Arizona moves to restrict transgender bathroom use
PHOENIX An Arizona House panel late Wednesday approved a measure targeting transgendered people who want to use bathrooms of the gender they identify with, voting along party lines to advance a bill that protects business owners who bar the practice.
The 7-4 vote concluded an hours-long parade of transgendered and straight people who tried to persuade the panel to oppose Appropriations Committee chairman Rep. John Kavanagh's bill. The crowd broke out in chants of "shame, shame, shame" as the vote on the bill sponsored by the conservative Republican passed.
Kavanagh had radically altered the bill after being faced with an outcry from advocacy groups, but that wasn't enough to keep about 200 opponents from attending a nearly 7-hour long hearing that concluded with several hours of testimony on the bill.
"My bill is not about depriving somebody of civil rights," Kavanagh told CBS affiliate KPHO. "My bill is about restoring civility in public baths, public showers, public dressing rooms."
The original bill would have made it a crime for a transgendered person to use a bathroom other than his or her birth sex. The new bill instead seeks to shield businesses from civil or criminal liability if they ban people from restrooms that don't match their birth sex.
It was prompted by the recent passage of a Phoenix anti-discrimination ordinance that social conservatives said prevented businesses from keeping transgendered people out of locker rooms, showers and bathrooms. Kavanagh said it would subject businesses to criminal charges and expose little children to "naked men in women's locker rooms and showers,"
But the parade of witnesses Wednesday, many transgendered, said that was not only fear-based but just flat-out wrong.
"Search as you might there is not enough evidence that there is any risk in allowing a person with gender identity to use a restroom of their choice," said Claire Swinford, a Tucson resident who was born a man but identifies and dresses as a woman.
In fact, she said, being dressed as a woman actually puts her at physical risk from being attacked by a man while trying to use a men's restroom.
"What your bill attempts to do is sacrifice my personal safety for somebody else's sense of discomfort."
Patty Medway, a transgendered woman who was born a man, said she's been using female bathrooms for years without a problem. She called on Kavanagh to back away from his effort.
"I've been using washrooms for 15 years and I don't want to be discriminated against, and I'm scared to go to a male washroom," she said.

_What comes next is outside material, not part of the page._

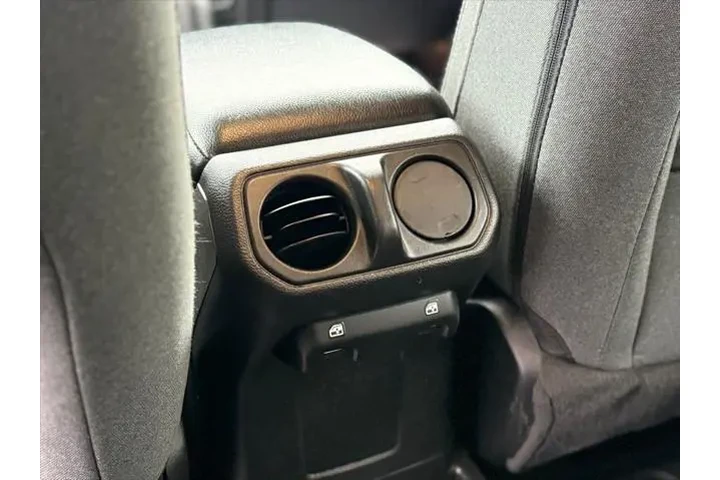 $35451 : Jeep Wrangler 2024 4x4 Willy image 8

Maureen Robinson, a Tucson woman, called barring transgendered people from using bathrooms silly.
"It has been a non-issue, it will continue to be a non-issue, unless this bill becomes law," she said.
But Kavanagh, backed by the six other Republicans on the bill, quickly advanced the bill anyway. It now goes to the full House for consideration after a routine review.
Only one person testified in favor of the bill. He said the Phoenix ordinance trampled on the rights the business community.
"I don't believe that the opposing side should be able to impose their views on others," said Nohl Rosen, a Phoenix small business owner. "The way I feel, this is just the liberal left forcing their views on the rest of us"
Democrats on the panel all voted against advancing the bill, which one called "over the top."
"Frankly. I think this is an embarrassment to our state,' said Rep. Stefanie Mach of Tucson.
Kavanagh began the hearing by telling the crowd his original bill went too far, and that he had completely re-written it after hearing criticism, including some from his own caucus in the House.
"What I'm doing is pre-empting these cities from prosecuting businesses that say they want separate (facilities)," he said. "I'm basically resetting the clock to before Phoenix passed the law."